[Stored data entries]
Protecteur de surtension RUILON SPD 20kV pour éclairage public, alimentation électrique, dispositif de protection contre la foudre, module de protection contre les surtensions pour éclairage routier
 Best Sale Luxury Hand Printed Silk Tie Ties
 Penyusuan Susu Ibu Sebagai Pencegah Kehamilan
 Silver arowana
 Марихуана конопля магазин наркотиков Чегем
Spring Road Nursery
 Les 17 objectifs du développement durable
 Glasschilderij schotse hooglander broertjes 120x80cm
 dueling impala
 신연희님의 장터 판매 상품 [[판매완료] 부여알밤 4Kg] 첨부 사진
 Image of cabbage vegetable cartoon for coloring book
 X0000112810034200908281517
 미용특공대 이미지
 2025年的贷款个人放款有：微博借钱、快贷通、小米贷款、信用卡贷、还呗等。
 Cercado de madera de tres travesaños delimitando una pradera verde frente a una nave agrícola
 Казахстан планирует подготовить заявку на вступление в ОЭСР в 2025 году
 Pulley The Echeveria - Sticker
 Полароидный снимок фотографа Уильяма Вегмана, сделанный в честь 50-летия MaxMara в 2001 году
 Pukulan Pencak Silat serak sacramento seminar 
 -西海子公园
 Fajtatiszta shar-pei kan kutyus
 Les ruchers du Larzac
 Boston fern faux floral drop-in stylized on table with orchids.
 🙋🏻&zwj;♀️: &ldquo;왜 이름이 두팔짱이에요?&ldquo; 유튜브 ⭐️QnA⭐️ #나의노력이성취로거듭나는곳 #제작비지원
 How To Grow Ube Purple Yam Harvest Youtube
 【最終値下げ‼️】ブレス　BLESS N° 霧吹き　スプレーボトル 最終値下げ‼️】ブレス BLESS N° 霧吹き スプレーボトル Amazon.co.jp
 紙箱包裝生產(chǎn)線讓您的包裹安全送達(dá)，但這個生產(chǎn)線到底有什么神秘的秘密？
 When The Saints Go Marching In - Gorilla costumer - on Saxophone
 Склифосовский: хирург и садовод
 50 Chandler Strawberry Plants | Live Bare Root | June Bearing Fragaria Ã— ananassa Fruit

PROBLEM
Your answer is the line containing "유튜브 ⭐️QnA⭐️ #나의노력이성취로거듭나는곳 #제작비지원" plus every line after it through the end of the entries, given again exactly and alone.

FINISHED TASK
 🙋🏻&zwj;♀️: &ldquo;왜 이름이 두팔짱이에요?&ldquo; 유튜브 ⭐️QnA⭐️ #나의노력이성취로거듭나는곳 #제작비지원
 How To Grow Ube Purple Yam Harvest Youtube
 【最終値下げ‼️】ブレス　BLESS N° 霧吹き　スプレーボトル 最終値下げ‼️】ブレス BLESS N° 霧吹き スプレーボトル Amazon.co.jp
 紙箱包裝生產(chǎn)線讓您的包裹安全送達(dá)，但這個生產(chǎn)線到底有什么神秘的秘密？
 When The Saints Go Marching In - Gorilla costumer - on Saxophone
 Склифосовский: хирург и садовод
 50 Chandler Strawberry Plants | Live Bare Root | June Bearing Fragaria Ã— ananassa Fruit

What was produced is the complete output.